Вот уж это было неожиданно.
Лифт щелкнул челюстями, но остался голодным. Слезы лились, Саша обнимал ее, по спине скакали половинки ржаного хлеба, потому что деть их было решительно некуда, неудобная пуговица бодала щеку, но не это казалось важным. Странное делалось с Галкой. Ей было легко. Разжималось, распускалось что-то внутри. Словно капкан отщелкивался. "Добрый человек", гримасничающий Хабаров, Суворов, "забирайтесь на стол!". Господи, какая далекая ерунда! Ненастоящее, пустое ничто.
А ведь прошлым вечером Шарыгин мне предлагал поплакаться, вдруг подумалось Галке. И что же? Стою, плачу. Набросилась на человека.
— Извините, — вздрогнув, отстранилась она.
Прынцик не сразу разжал объятья.
— Легче?
Отвернувшись, Галка кивнула. Пальцы порхнули бабочками к потекшей туши. Снова распахнулся и осветился лифт.
— Транспорт прибыл, принцесса, — шутливо произнес Саша.
— А вы, значит, принц? — шмыгнула носом Галка.
— Прынцик. У меня и паспорт есть.
— Что ж, везите.
Они зашли в кабинку.
— Н-но! — сказал Саша и ткнул в клавишу этажа.

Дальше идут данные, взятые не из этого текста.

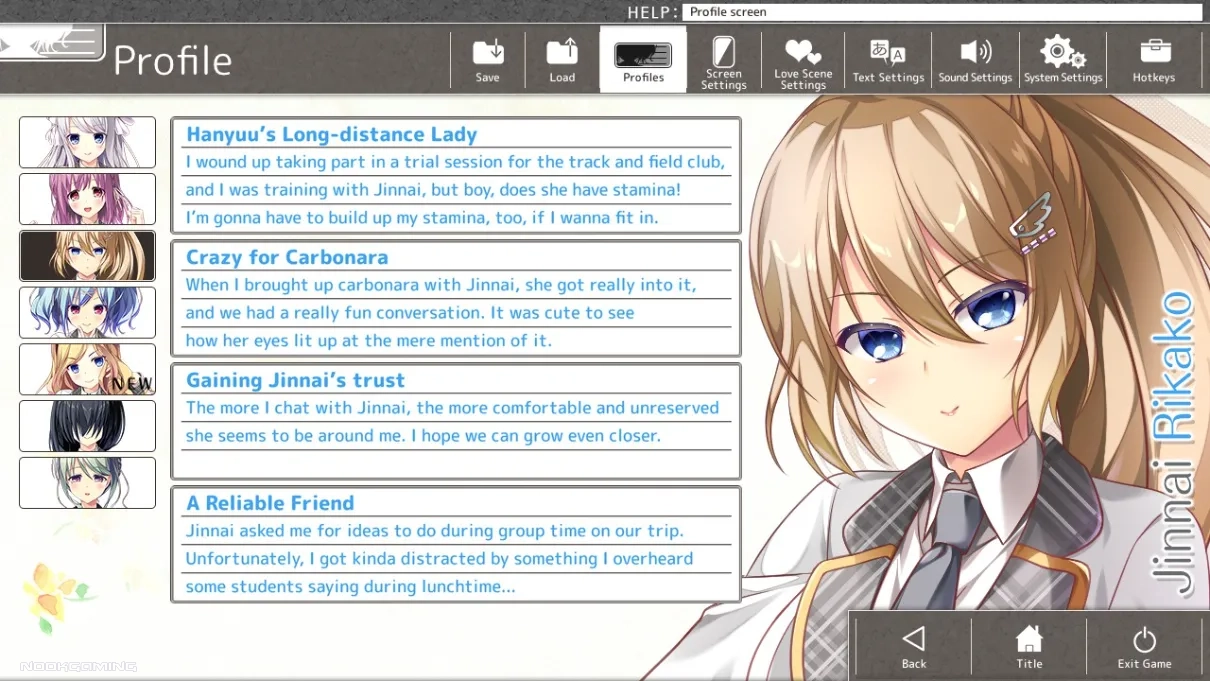 Jinnai Rikako's Profile in Home Sweet Homecoming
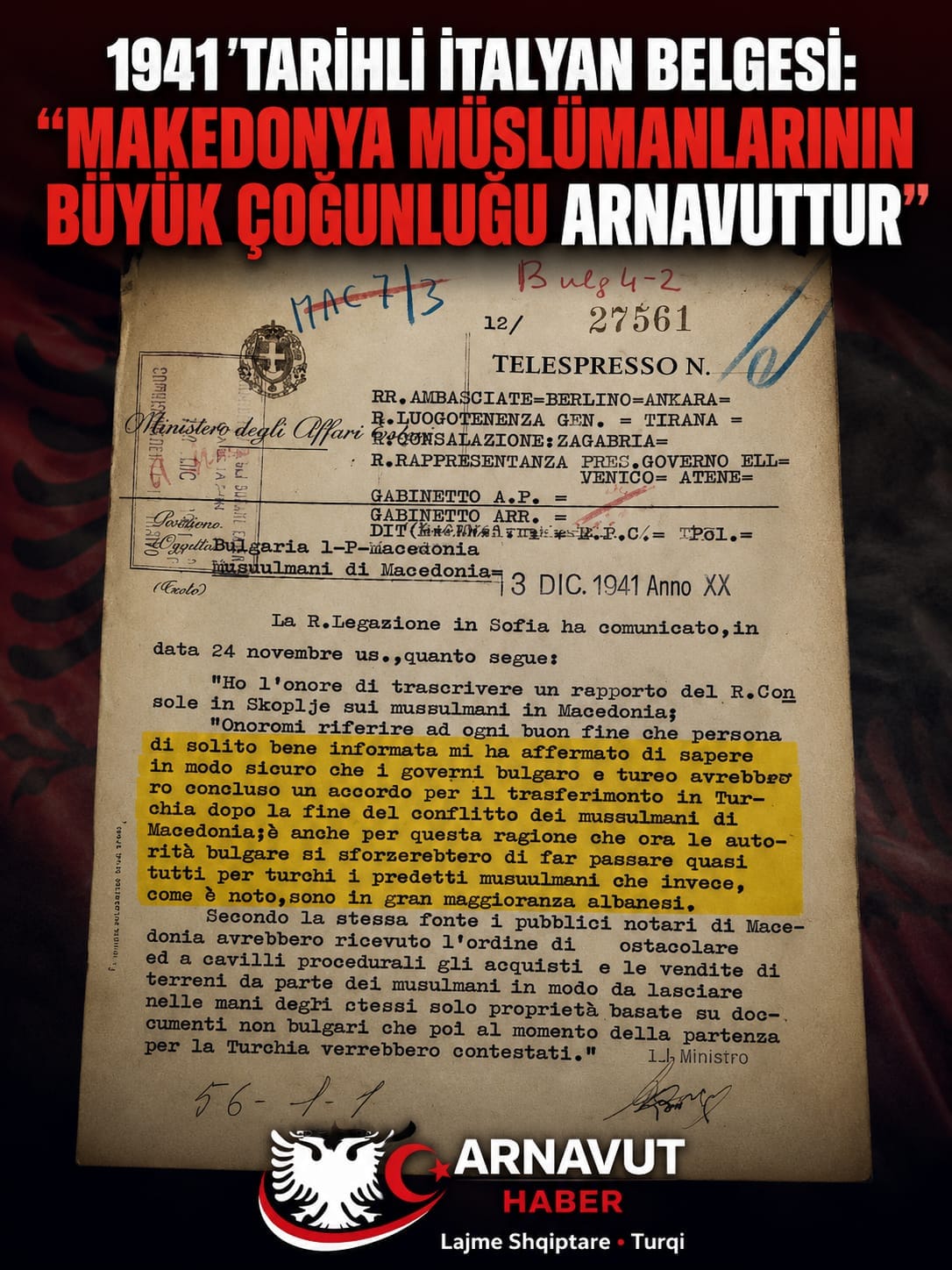 1941 Tarihli İtalyan Belgesi: “Makedonya Müslümanlarının Büyük Çoğunluğu Arnavuttur”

Лязгнуло. Дернуло. Потащило вверх.
— А в двенадцать часов он превратится в тыкву, — грустно сказала Галка.
— Кто?
— Лифт.
Прынцик промолчал. На его светлой куртке, над пуговицей, темнело пятно. Галкина метка.
— Вы простирните потом, — показала пальцем Галка.

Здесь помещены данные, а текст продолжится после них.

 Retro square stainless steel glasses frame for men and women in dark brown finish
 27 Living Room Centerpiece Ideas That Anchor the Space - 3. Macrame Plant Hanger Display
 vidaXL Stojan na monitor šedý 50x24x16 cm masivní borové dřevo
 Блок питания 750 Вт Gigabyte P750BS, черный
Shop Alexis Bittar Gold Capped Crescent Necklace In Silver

— Зачем? Это ж почти как орден, — улыбнулся Саша. — А это ваш хлеб.
Створки разошлись.
— Спасибо, — Галка подхватила пакет, стиснула вместе с йогуртом.
— Кстати, — произнес Саша, шагнув к своей двери, — как ты насчет чая с мелиссой?
Переход на "ты" прозвучал так естественно, что Галку опять потянуло на слезы.
— А что с мелиссой? — проглотив ком, спросила она.
— Успокаивает, снимает стресс и, вообще, вкусная.
— Ты хочешь со мной познакомиться?
Дурацкая лампочка не горела, и поэтому лицо Прынцика было просто смутно белеющим овалом. Но улыбку она услышала.
— Если ты не против, — сказал Саша.
— Я — за.
Прынцик звякнул ключами. Повернулся снова.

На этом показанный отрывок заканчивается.